Clock watchers: Employees under positional leaders love clocks, and they want them visible at all times throughout the building. They evaluate every moment at work according to the clock, how long they have been at work, how much time is left, or how long until a break or lunchtime. Clock watchers know how much time is left before they get to go home – and they never want to work a second beyond quitting time. Leaders should, therefore, think about it that when people who work with them are hardly waiting to quit working the extra second, something is not working.

“Just-Enough” employees: When people work under leaders who use their leadership position as leverage, the people who work for them often begin to rely on their rights as employees and the limits of their job descriptions to protect them from having to work anymore than is absolutely necessary. They only do what is required of them and only do just enough to get by, to get paid and to keep their job. People do not give their best to leaders they do not like; they may give their hands but certainly not their heads or hearts.

The last people are the mentally absent: Under the positional leader, there are always individuals who may be physically present but mentally absent. They do not engage mentally, and they show up merely to collect a pay-cheque.
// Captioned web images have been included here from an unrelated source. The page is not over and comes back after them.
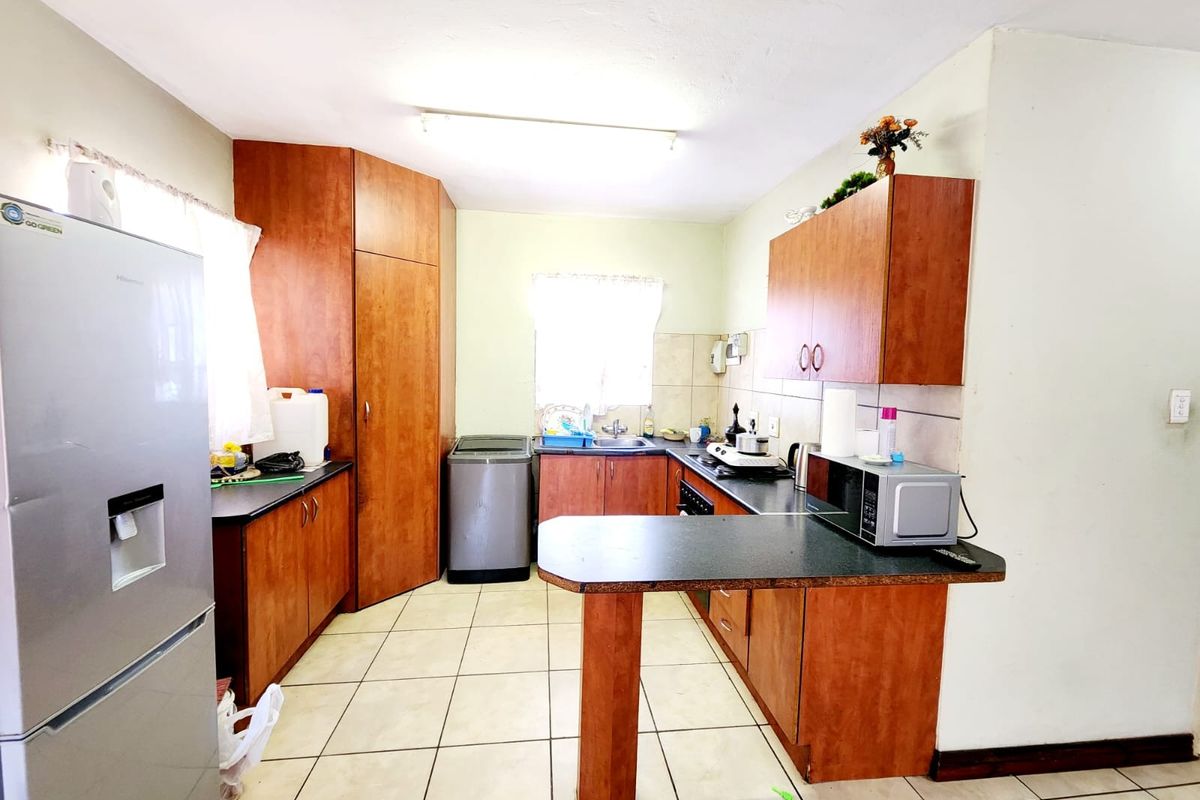 Apartment For Sale In Rustenburg - Photo 4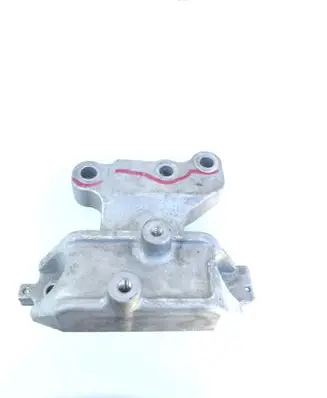Mitsubishi Outlander Engine mount bracket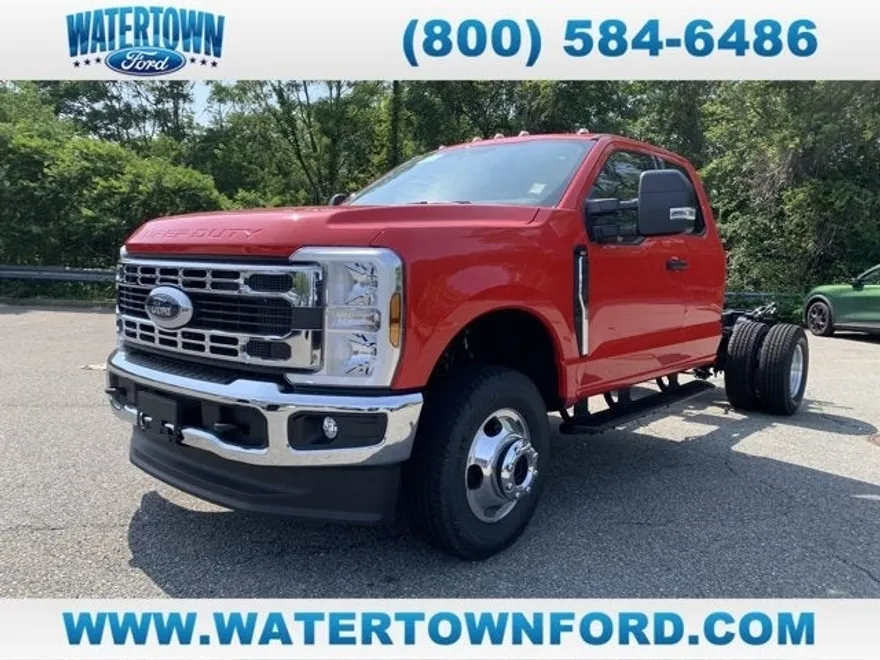 2025 Ford F-350 XLT photo 1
Most positional leaders are neither creative nor innovative and when the going gets tough for these leaders, many of them will move out and look for another position or job to continue the poor performance. Therefore, those in leadership should observe the work ethics of people under them and make amendments to their leadership style. It is time to rely on job development and stop relying on position to push people. Just because you have the right to do something as a leader, it does not mean it is the right thing to do. Leadership should not be defined as a noun (who I am) but rather as a verb (what I am doing). 

Leadership is action, and not position. Although we live in a culture that values titles, titles or positions alone are not enough. I know many of us admire and respect people with titles but titles alone, according to Maxwell (2013), are ultimately empty. Who the person is and the work she/he does are what really matter.